A Handshake is a term in information technology and telecommunications that refers to the automated process of negotiation that dynamically sets the parameters (such as information transfer rate, coding alphabet, parity, and interrupt procedure) of a communications channel that has been established between two devices.
The process of handshaking occurs after the physical establishment of the channel, and takes place before the start of normal communication over the channel.
Through handshaking, human intervention becomes unnecessary for setting parameters in the connection of relatively heterogeneous systems or equipment over a communication channel.
Handshaking is often used in modems, where the negotiation of parameters enables optimal information transfer over the established channel.
After a connection is established, a "squealing" noise is emitted by some modems with speaker output. This noise is actually produced by both modems in a connection that are undergoing a handshaking procedure.
Another important example of handshaking is the Four-Way Handshake, developed for the IEEE 802.11i-2004 standard as a more secure replacement for the IEEE 802.11 standard’s previous security specification, Wired Equivalent Privacy (WEP).
The Four-Way Handshake is used to establish the Pairwise Transient Key (PTK) and yield the Group Temporal Key (GTK). The PTK is generated by connecting the following attributes: PMK, AP nonce (ANonce), client station (STA) nonce (SNonce),
AP MAC address and STA MAC address. A cryptogenic hash function then yields the PTK. The standard then makes use of a Group Key Handshake to keep the GTK updated in case of the expiry of a preset timer, and to prevent a device from receiving anymore multicast or broadcast messages from the AP.

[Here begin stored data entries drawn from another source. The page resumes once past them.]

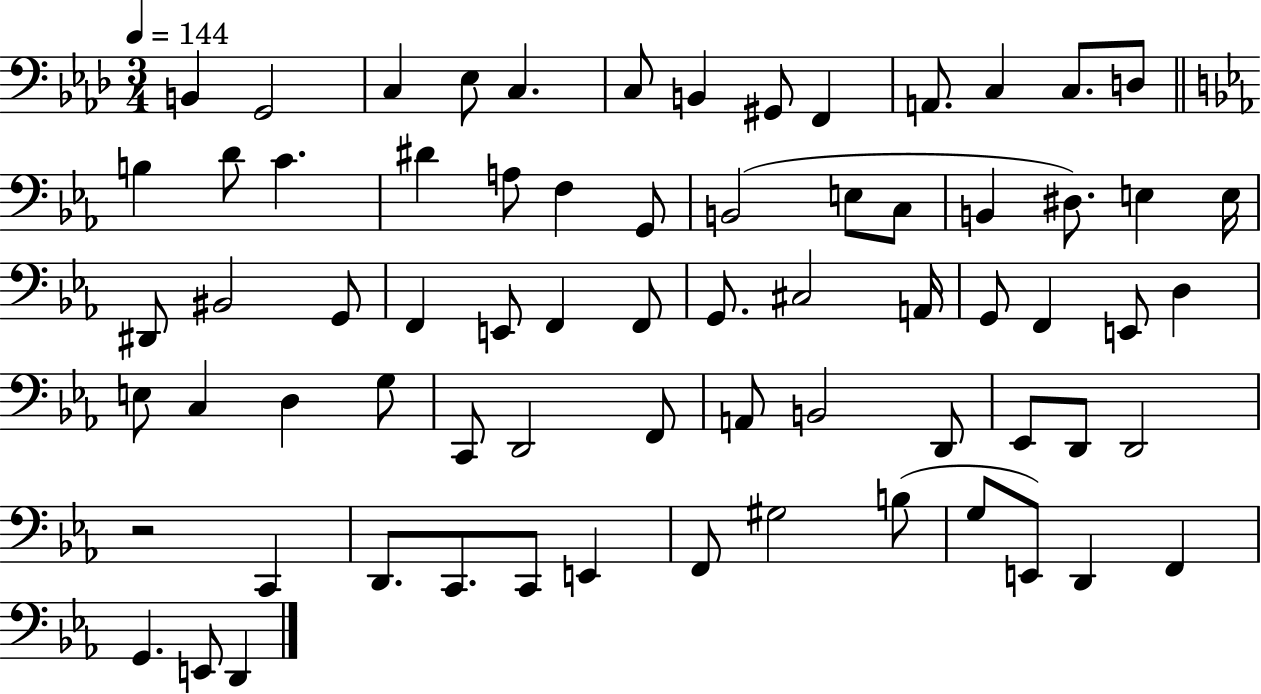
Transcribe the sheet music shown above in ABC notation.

X:1
T:Untitled
M:3/4
L:1/4
K:Ab
B,, G,,2 C, _E,/2 C, C,/2 B,, ^G,,/2 F,, A,,/2 C, C,/2 D,/2 B, D/2 C ^D A,/2 F, G,,/2 B,,2 E,/2 C,/2 B,, ^D,/2 E, E,/4 ^D,,/2 ^B,,2 G,,/2 F,, E,,/2 F,, F,,/2 G,,/2 ^C,2 A,,/4 G,,/2 F,, E,,/2 D, E,/2 C, D, G,/2 C,,/2 D,,2 F,,/2 A,,/2 B,,2 D,,/2 _E,,/2 D,,/2 D,,2 z2 C,, D,,/2 C,,/2 C,,/2 E,, F,,/2 ^G,2 B,/2 G,/2 E,,/2 D,, F,, G,, E,,/2 D,,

The Challenge-Handshake Authentication Protocol (CHAP) is another process that involves handshaking. The protocol was defined in the Request for Comments (RFC) 1994.
CHAP is used by Point to Point Protocol (PPP) servers to periodically verify the identity of and authenticate a user or network host to an authenticating entity, such as an Internet access provider, through the use of a three-way handshake.

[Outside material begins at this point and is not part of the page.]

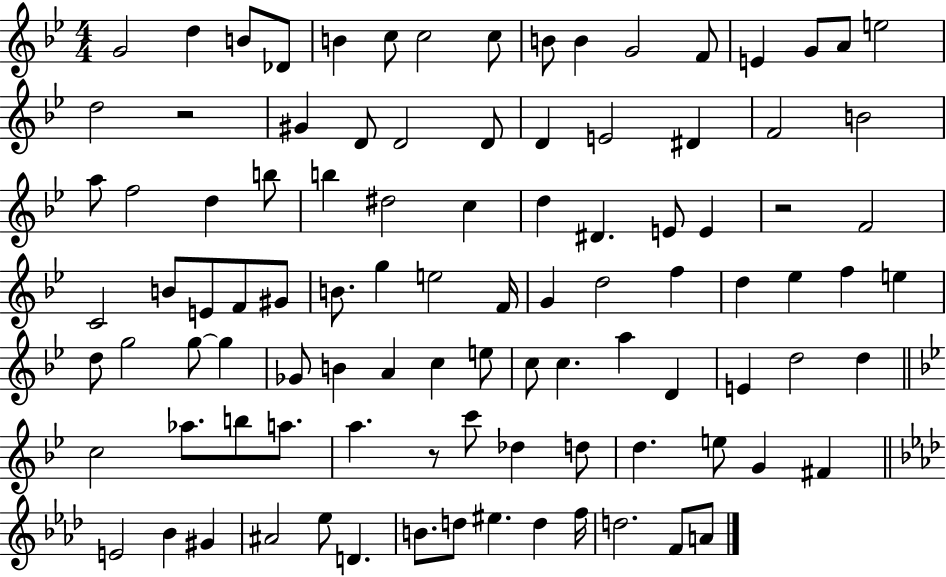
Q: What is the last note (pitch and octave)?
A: A4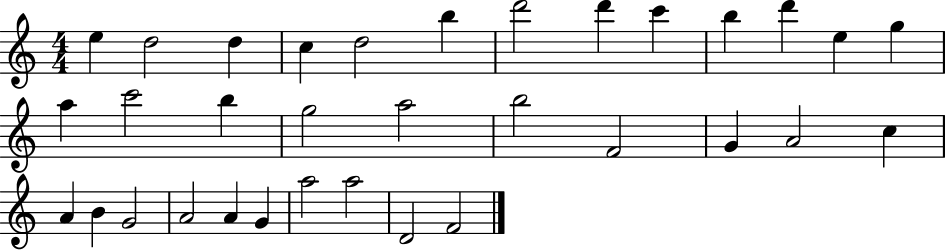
E5/q D5/h D5/q C5/q D5/h B5/q D6/h D6/q C6/q B5/q D6/q E5/q G5/q A5/q C6/h B5/q G5/h A5/h B5/h F4/h G4/q A4/h C5/q A4/q B4/q G4/h A4/h A4/q G4/q A5/h A5/h D4/h F4/h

Once the link establishment phase is completed, a "challenge message" is sent to the peer by the authenticating entity. The peer sends back a value calculated using a one-way hash function, like the MD5 checksum hash.
The response is checked by the authenticating entity against its own calculation of the expected hash value. Authentication is acknowledged if the values match. If they do not match, the connection is terminated. The process repeats at random intervals.
A shared secret, such as the client user’s password, becomes the basis for verification, and CHAP requires that both the client and the server know the plaintext of the secret. By using an incrementally changing identifier and a variable challenge-value, CHAP is able to provide protection against playback attack by the peer.